Technically necessary cookies
The cookies that are technically necessary for the operation of the HCOB portal and its func-tions are listed below. These are usually set in response to an action you have taken. These include registration, login or settings like language or cookie preferences. It is possible to disable these cookies in your browser. However, in this case, the error-free functionality of the HCOB portal can no longer be ensured.
Download technically necessary cookies
Right to object under Article 21 GDPR
If we process your data based on the legitimate interests of Hamburg Commercial Bank AG or third parties, or in the public interest, you as the data subject have the right to object to the processing of your data for reasons arising from your particular situation (Article 21(1) GDPR).
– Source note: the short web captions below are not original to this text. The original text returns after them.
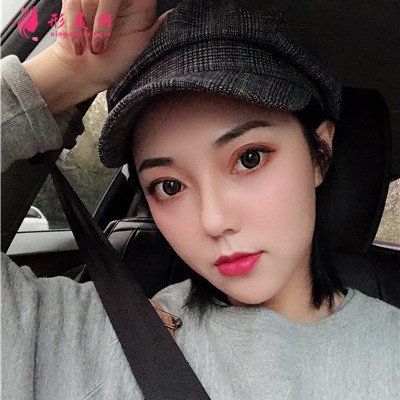 杭州面部線雕提升術(shù)后案例分享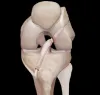 Visit Mumbai Orthosports Clinic for Acl surgery in Mumbai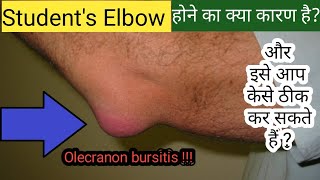 Olecranon Bursitis Elbow Bursitis  Students Elbow  Prevention Treatment Exercises amp Home Care [upl. by Arreyt]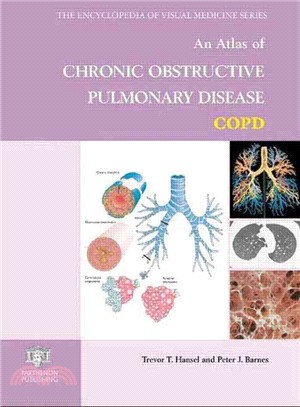 An Atlas of Chronic Obstructive Pulmonary Disease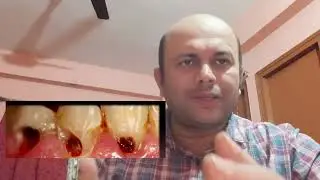 Tooth Coloured filling/Composite Restoration 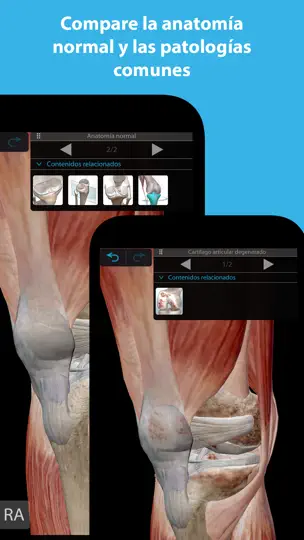 Captura de pantalla de Músculos & Kinesiología en iPhone 2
The objection can be made without any formal requirements. If you object, we will no longer process your personal data unless we can demonstrate compelling legitimate grounds for the processing that override your interests, rights, and freedoms, or the processing serves the establishment, exercise, or defense of legal claims. If you effectively object to the processing of your personal data, we will inform the company you work for and delete your personal access to the HCOB portal. In this case, it will no longer be possible to use the HCOB portal.